Work to complete: Return every line from the one with "Parcela st. 2549/42" through the one with "Blue Striped Crewneck", inclusive, exactly as it appears below.
─── Materials provided
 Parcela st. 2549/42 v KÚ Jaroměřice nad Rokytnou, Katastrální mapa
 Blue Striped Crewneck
──────
─── Materials provided
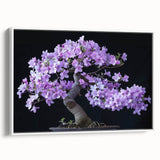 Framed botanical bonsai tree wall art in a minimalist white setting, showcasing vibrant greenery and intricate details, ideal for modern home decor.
──────
Your response:
 Parcela st. 2549/42 v KÚ Jaroměřice nad Rokytnou, Katastrální mapa
 Blue Striped Crewneck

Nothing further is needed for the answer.